In this hour, we explored the critical need for both convergent and divergent thinking. Together, these foundational techniques form the core for ideating and thinking differently. Then we turned to three warm-ups for helping us loosen our minds, including Taxonomy Kick-starters, tips for thinking divergently solo, and additional tips for thinking divergently as a team. Another two exercises—Snaking the Drain and Sacrificing the Calf—helped us unclog our minds. And we concluded Hour 10 with a real-world example of “What Not to Do” when we’re stuck and the same old kinds of thinking lead to the same old outcomes and no progress. We saw how the power of slowing down and thinking divergently can help us restore confidence and velocity by breaking free from the mental chains that hold back our teams and ourselves.

Workshop

Case Study

Consider the following case study and questions. You can find the answers to the questions related to this case study in Appendix A, “Case Study Quiz Answers.”

Situation

The Executive Committee at BigBank is losing faith in the ability of the team executing one of the dozen initiatives underneath the OneBank umbrella. Satish himself has stepped in at different times over the last year to help, but no real difference in velocity has materialized. Team members are executing in the same ways they have previously executed, and unsurprisingly they’re getting the same results and little progress. The initiative’s key stakeholders are nervous they’ll need to move go-live yet again, and a few of them have started questioning if BigBank needs to disband the team or the initiative altogether.

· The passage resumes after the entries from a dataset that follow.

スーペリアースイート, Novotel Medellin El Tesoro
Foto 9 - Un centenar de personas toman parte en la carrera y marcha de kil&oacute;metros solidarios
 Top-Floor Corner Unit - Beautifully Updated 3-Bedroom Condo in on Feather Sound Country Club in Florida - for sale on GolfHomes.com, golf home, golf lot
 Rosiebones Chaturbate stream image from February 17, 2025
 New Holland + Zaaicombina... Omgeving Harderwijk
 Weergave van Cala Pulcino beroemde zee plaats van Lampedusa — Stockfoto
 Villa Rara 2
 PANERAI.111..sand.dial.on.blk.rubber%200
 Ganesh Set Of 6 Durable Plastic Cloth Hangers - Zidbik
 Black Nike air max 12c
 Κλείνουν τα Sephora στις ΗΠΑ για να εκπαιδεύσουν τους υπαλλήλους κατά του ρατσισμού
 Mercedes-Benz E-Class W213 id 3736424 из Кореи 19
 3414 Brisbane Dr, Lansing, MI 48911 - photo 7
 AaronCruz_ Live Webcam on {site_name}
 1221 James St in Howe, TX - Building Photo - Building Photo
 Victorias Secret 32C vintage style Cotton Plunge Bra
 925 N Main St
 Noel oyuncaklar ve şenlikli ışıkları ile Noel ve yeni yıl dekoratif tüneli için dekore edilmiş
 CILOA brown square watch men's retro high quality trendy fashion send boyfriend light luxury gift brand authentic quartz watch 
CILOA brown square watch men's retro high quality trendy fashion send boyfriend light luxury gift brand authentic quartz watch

Satish needs your help again, and he’s willing to fight whatever battles need to be fought—based on your advice—to restore confidence in this team and in the value of this initiative.

Quiz

1. Is this initiative’s team fundamentally flawed in how they have been executing?

2. How might the team flip their execution model in the short term?

3. What is the danger in changing how the team thinks and executes in the short term?

4. What kinds of warm-ups or simple exercises might the team find helpful in thinking differently?

5. Some of the team members seem stuck in their way of thinking, and they need help clearing or unclogging their minds so they can think with a fresh perspective. What do you suggest?